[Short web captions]
_ _ _ _ _
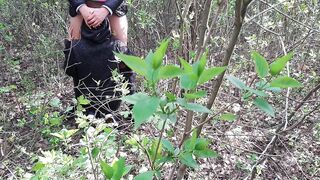 Наш секс в лесу сняла на камеру подруга, которая нас случайно застукала - lesbo_illusion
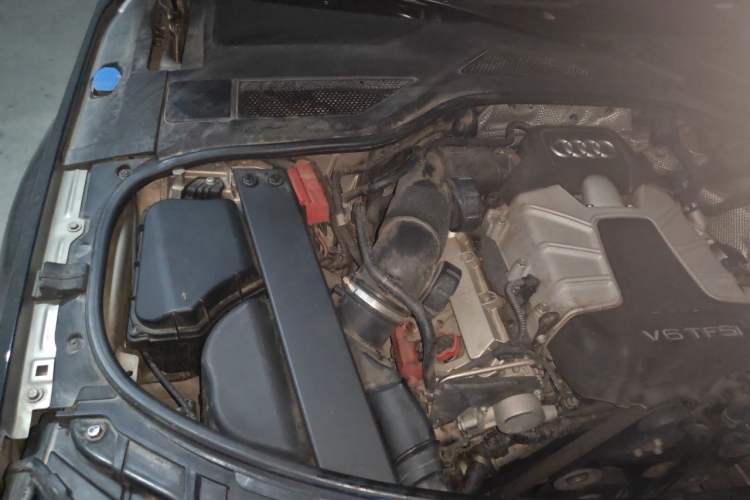 Used Audi A8 2012 A8L 45 TFSI quattro Comfort model Engine Bay Right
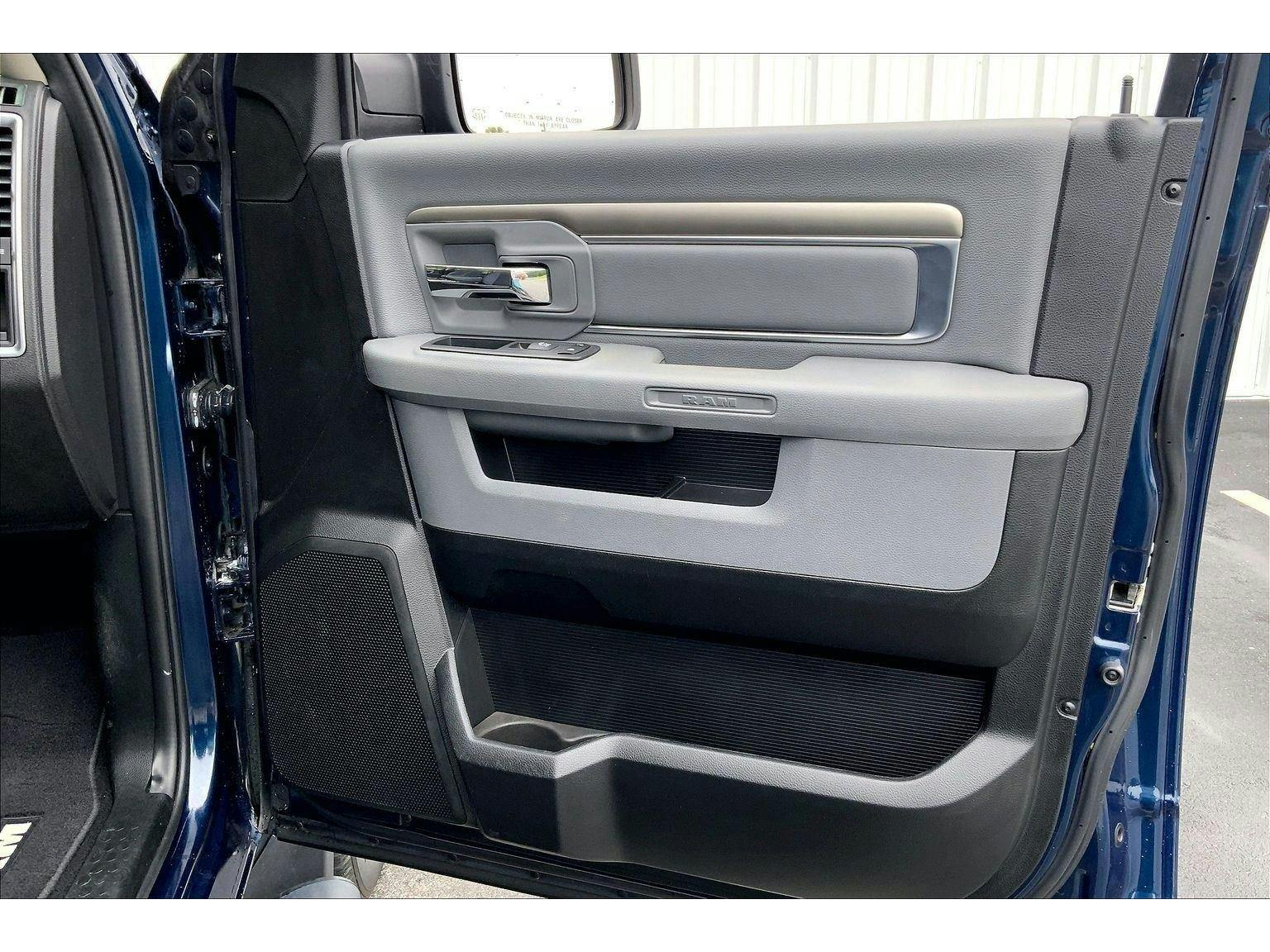 2020 Ram 1500 Classic Warlock (K66540) Photo 20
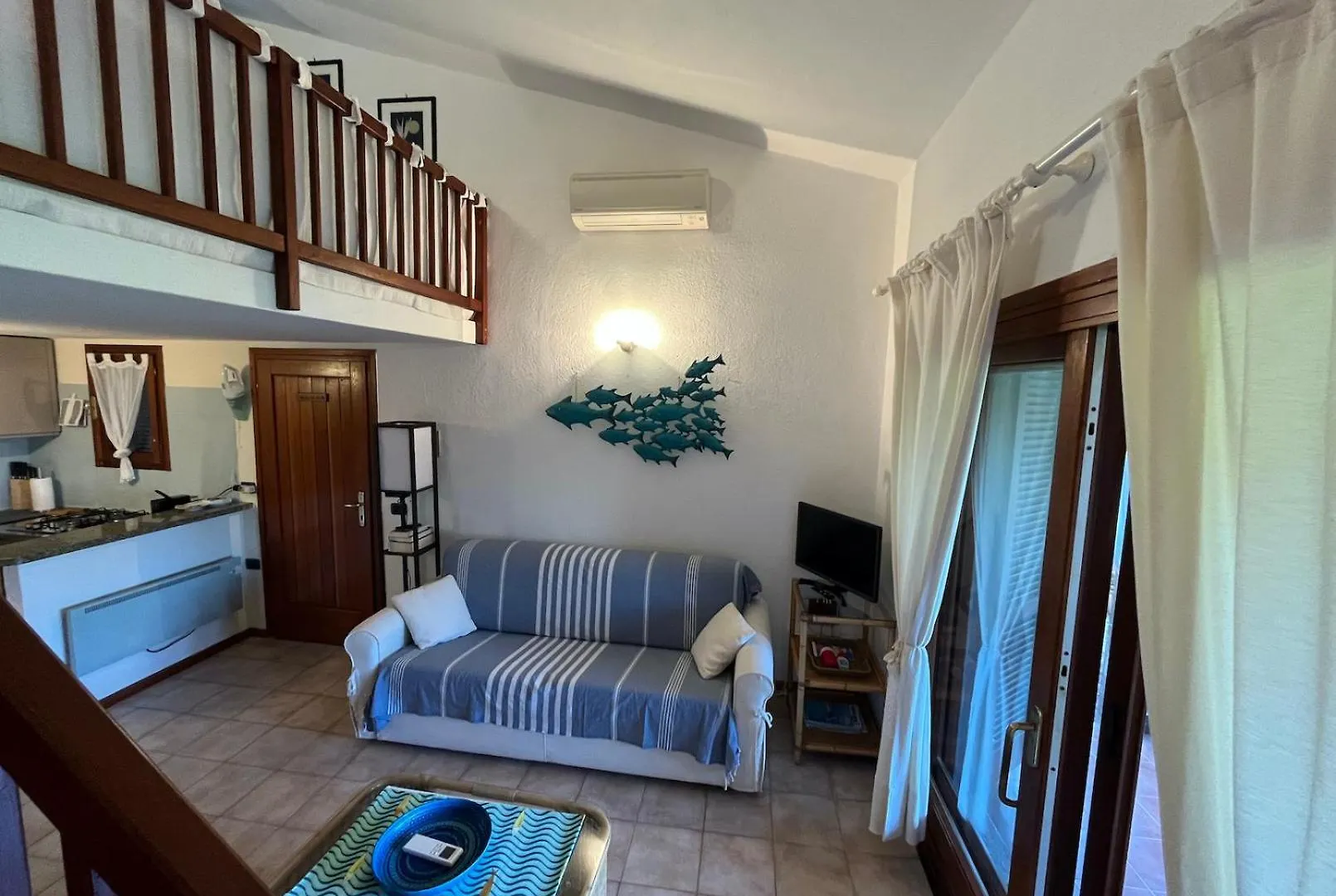 Porto Coda Cavallo Salina Bamba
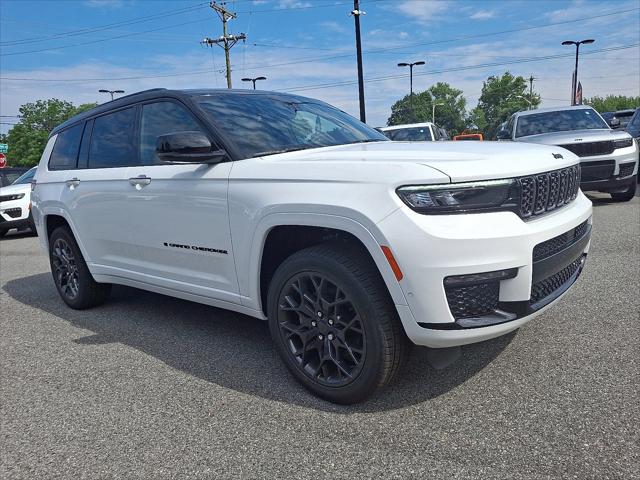 2025 Jeep Grand Cherokee GRAND CHEROKEE L SUMMIT 4X4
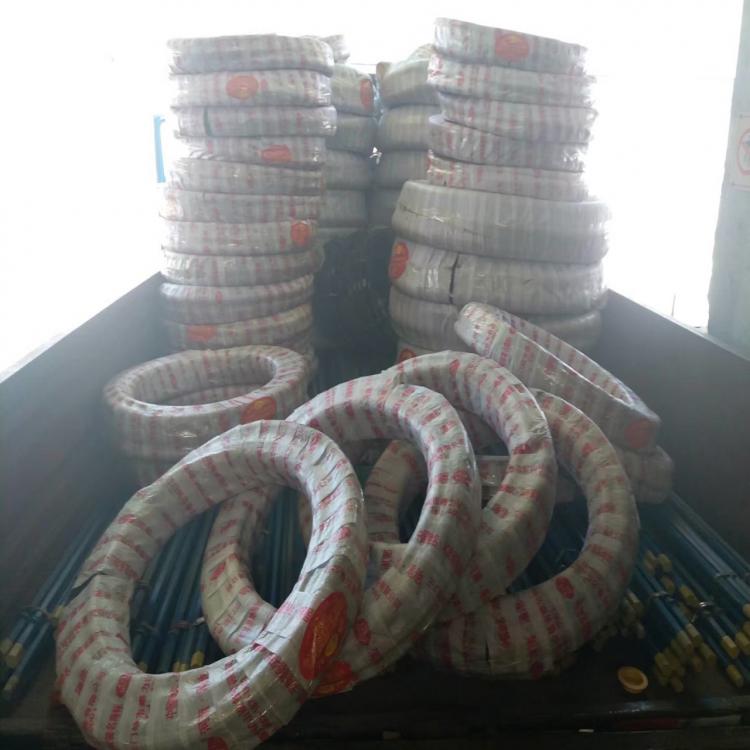 廠家直銷耿力牌鑿巖機(jī)噴漿噴漿管風(fēng)管磨板鉆桿等。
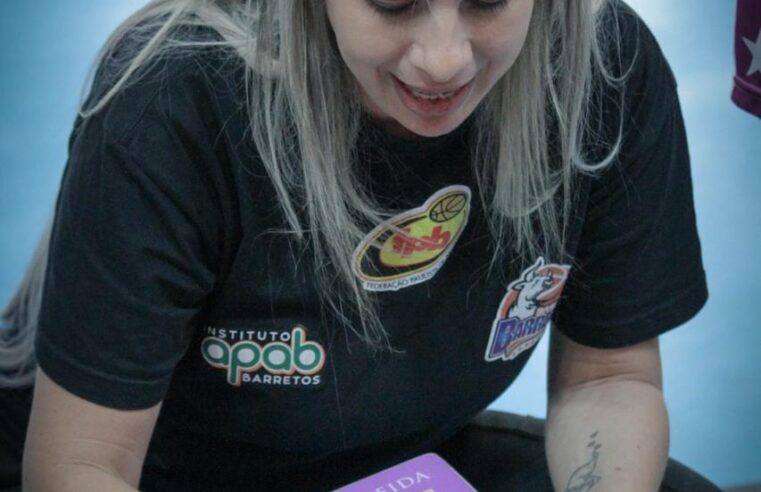 Treinadora da APAB é eleita melhor técnica no basquete Sub-14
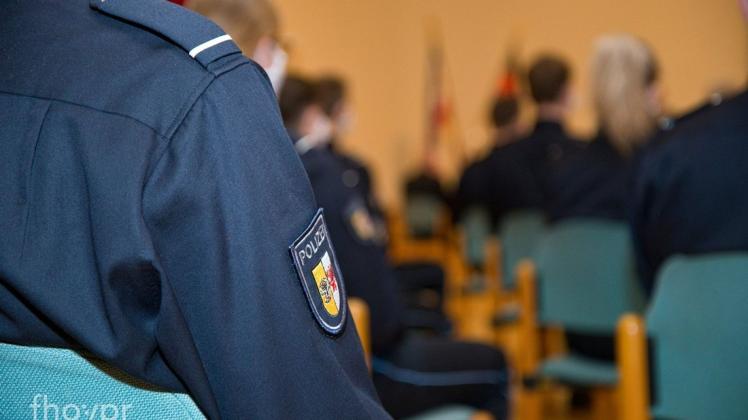Voraussichtlich 95 Männer und Frauen haben ihr Studium Polizeivollzugsdienst erfolgreich absolviert. Mit Nachprüfungen könnte die Zahl noch steigen.
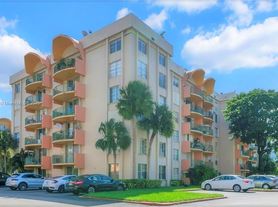 9320 Fontainebleau Blvd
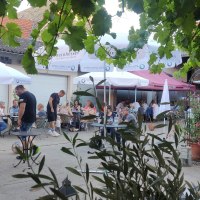 Innenhof Strau&szlig;wirtschaft Weingut Martin &copy; Franziska Martin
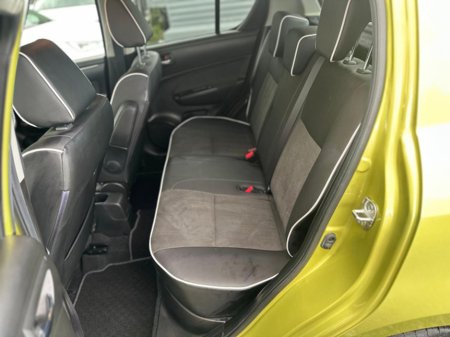 2016 Suzuki Swift - thumbnail 15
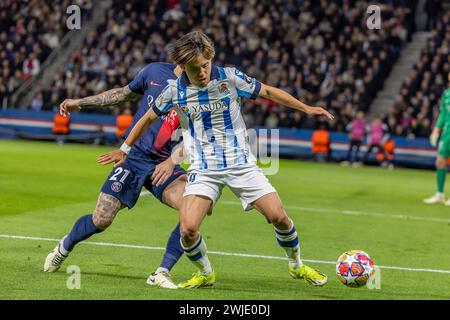 ©Denis TRASFI/MAXPPP - (C) Denis TRASFI / MAXPPP - à Boulogne-Billancourt au Parc des Princes le 14-02-2024 - UEFA Ligue des Champions, Ligue des Champions, Meisterliga, Huitième de Finale : Paris Saint Germain - Real Sociedad - Takefusa Kubo à la lutte avec Lucas Hernández, Takefusa Kubo im Kampf gegen Lucas Hernández Stockfoto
_ _ _ _ _
Give back only the lines from the one that carries "Innenhof Strau&szlig;wirtschaft Weingut" through the final line above, both included. Drop all pictures.

 Innenhof Strau&szlig;wirtschaft Weingut Martin &copy; Franziska Martin
 2016 Suzuki Swift - thumbnail 15
 ©Denis TRASFI/MAXPPP - (C) Denis TRASFI / MAXPPP - à Boulogne-Billancourt au Parc des Princes le 14-02-2024 - UEFA Ligue des Champions, Ligue des Champions, Meisterliga, Huitième de Finale : Paris Saint Germain - Real Sociedad - Takefusa Kubo à la lutte avec Lucas Hernández, Takefusa Kubo im Kampf gegen Lucas Hernández Stockfoto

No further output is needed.